● INSTRUCTIONS TO FOLLOW:
An exact copy of the data is required. No picture may appear in it.

● DATASET EXCERPT:
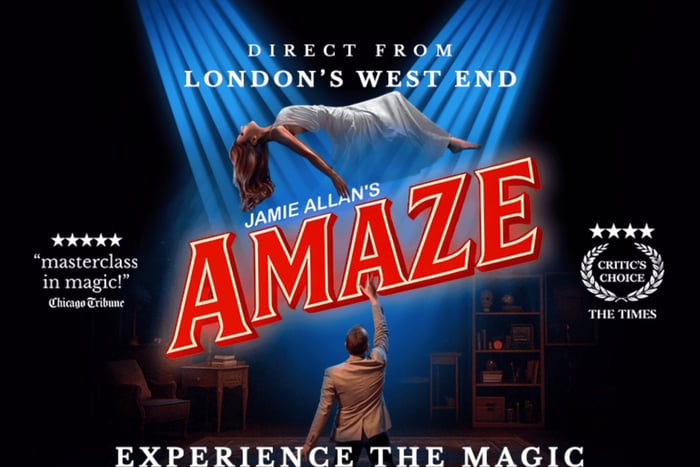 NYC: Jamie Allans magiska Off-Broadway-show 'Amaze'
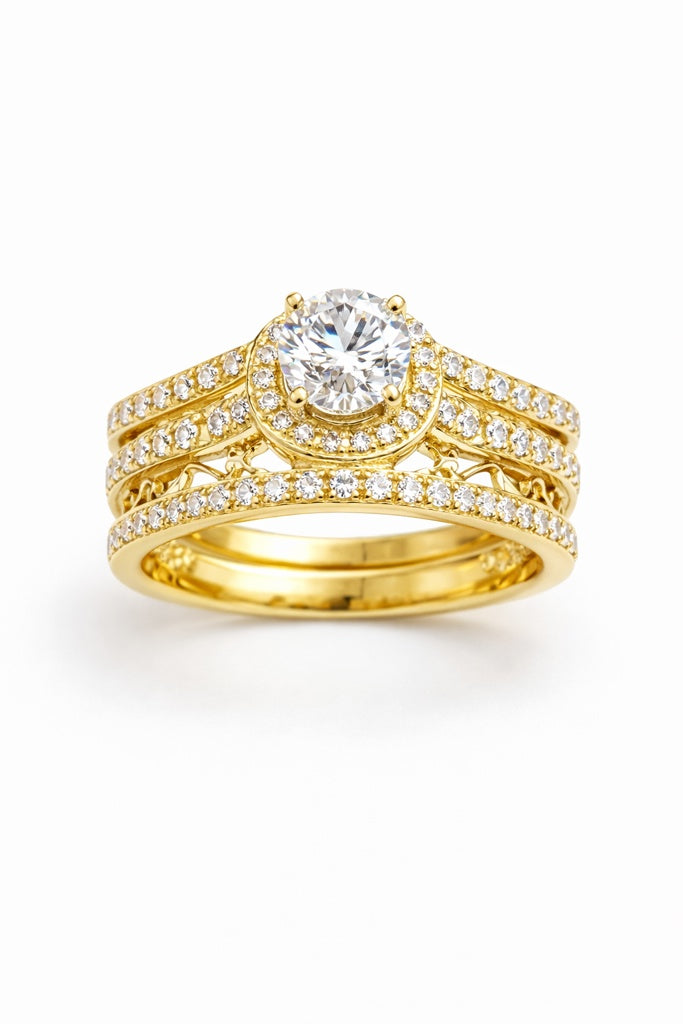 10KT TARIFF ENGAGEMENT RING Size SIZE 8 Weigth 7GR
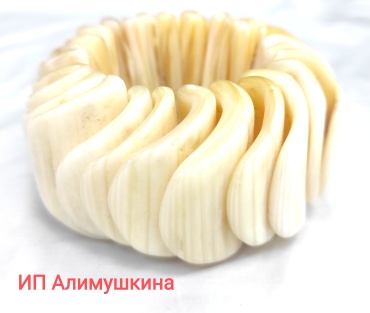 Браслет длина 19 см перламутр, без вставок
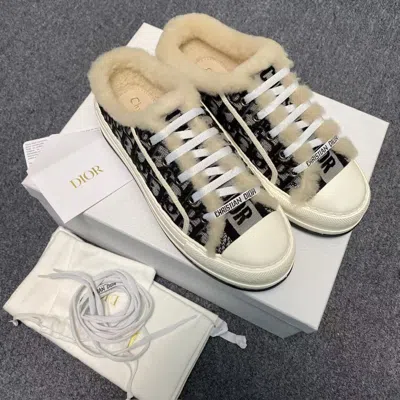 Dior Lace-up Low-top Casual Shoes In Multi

● PROBLEM SOLUTION:
 NYC: Jamie Allans magiska Off-Broadway-show 'Amaze'
 10KT TARIFF ENGAGEMENT RING Size SIZE 8 Weigth 7GR
 Браслет длина 19 см перламутр, без вставок
 Dior Lace-up Low-top Casual Shoes In Multi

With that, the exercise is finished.